PetaPixel: Fox News Ran Photoshopped Photos of Seattle Protests

Fox News is being slammed for breaching journalism ethics after it published Photoshopped news photos of protests in Seattle. The outlet has pulled the misleading photos and apologized.

The Seattle Times first reported on the digitally altered and misleading photos published in Fox News‘ coverage of Seattle’s Capitol Hill Autonomous Zone (CHAZ), where occupation protesters have taken over approximately six city blocks and declared it to be autonomous.

For several hours on Friday, Fox News‘ homepage featured different photos for its coverage of CHAZ. One of them was of a man with a military-style rifle in front of smashed retail storefronts.

Another showed the exact same man standing next to a sign on a barrier at the CHAZ.

A third photo used on the homepage showed a man running through a street with buildings and a car burning, and Seattle is described as “CRAZY TOWN.”

Problem was, the fire photo didn’t show Seattle at all — it was actually photographed back on May 30th — a week before CHAZ was established — in St.
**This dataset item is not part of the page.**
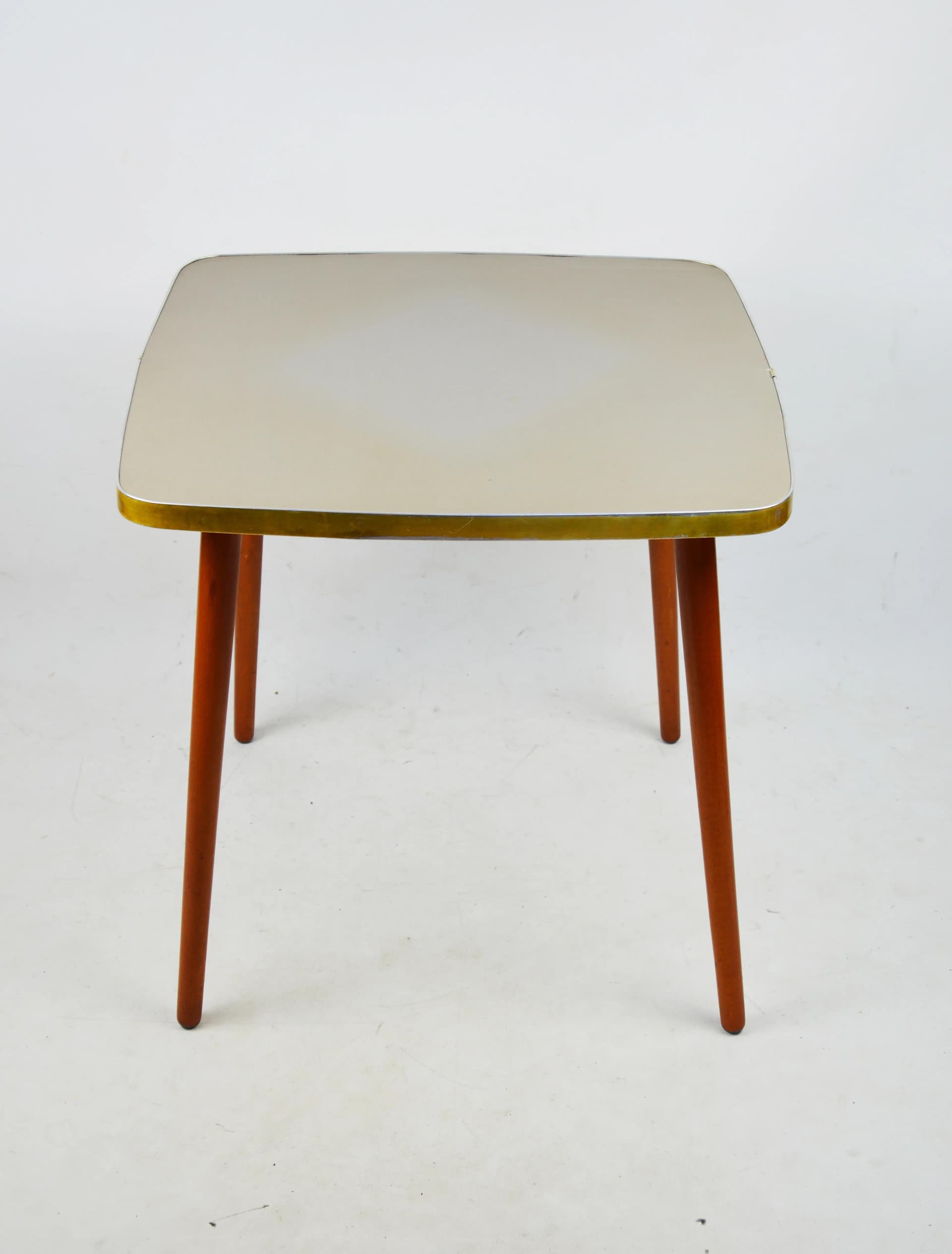 Stolik pomocniczy, ivory white, drewno, Polska, lata 70. - 86977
Paul, Minnesota.

And the photos of the rifle-carrying man were composites created by combining multiple news photos together.

Embed from Getty Images
Embed from Getty Images

While a close examination reveals that the “photos” are actually photo illustrations, photo illustrations are generally labeled as such and used for features and opinion rather than straight news reporting.
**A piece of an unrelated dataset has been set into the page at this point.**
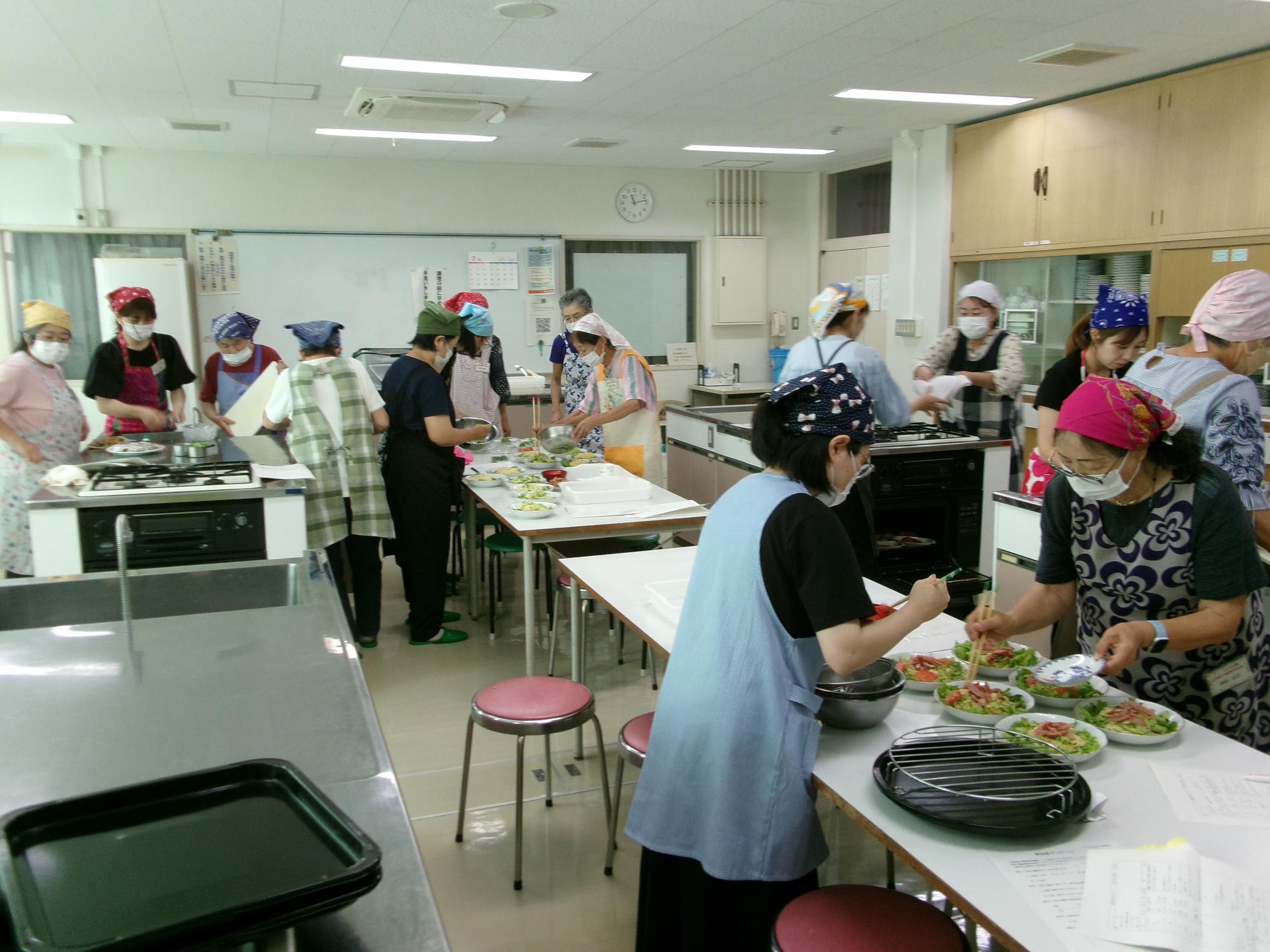 炊飯器で作る健康料理調理風景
Getty Images photographer David Ryder, who shot the two photos above, wasn’t happy with how his photos were used.

“It is definitely Photoshopped,” Ryder tells the Seattle Times. “To use a photo out of context in a journalistic setting like that seems unethical.”
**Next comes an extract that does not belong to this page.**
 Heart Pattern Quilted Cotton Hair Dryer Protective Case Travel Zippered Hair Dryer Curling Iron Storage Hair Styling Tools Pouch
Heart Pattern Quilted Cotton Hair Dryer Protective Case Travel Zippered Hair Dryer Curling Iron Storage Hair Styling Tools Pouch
Journalism experts also criticized Fox News for running the photos in its coverage of the CHAZ, which has widely been reported to be mostly peaceful.

“I think it’s disgraceful propaganda and terribly misrepresentative of documentary journalism in times like this, when truth-telling and accountability is so important,” photojournalism ethics expert Kenny Irby tells the Times. “There is no attribution. There is no acknowledgment of the montage, and it’s terribly misleading.”

“For a news photo that is supposed to be of the moment, it is completely egregious to manipulate this the way they have done,” NPPA executive editor Akili Ramsess tells the Times. “It’s one thing for their opinion hosts to state whatever opinion they have, but for their online news platform, they have to follow the ethical norms of any news organization.”

After being contacted by the Seattle Times about the photos, Fox News took them down and updated three of its stories with an apology.

“A FoxNews.com home page photo collage which originally accompanied this story included multiple scenes from Seattle’s ‘Capitol Hill Autonomous Zone’ and of wreckage following recent riots,” the editor’s note reads. “The collage did not clearly delineate between these images, and has since been replaced.

“In addition, a recent slideshow depicting scenes from Seattle mistakenly included a picture from St. Paul, Minnesota. Fox News regrets these errors.”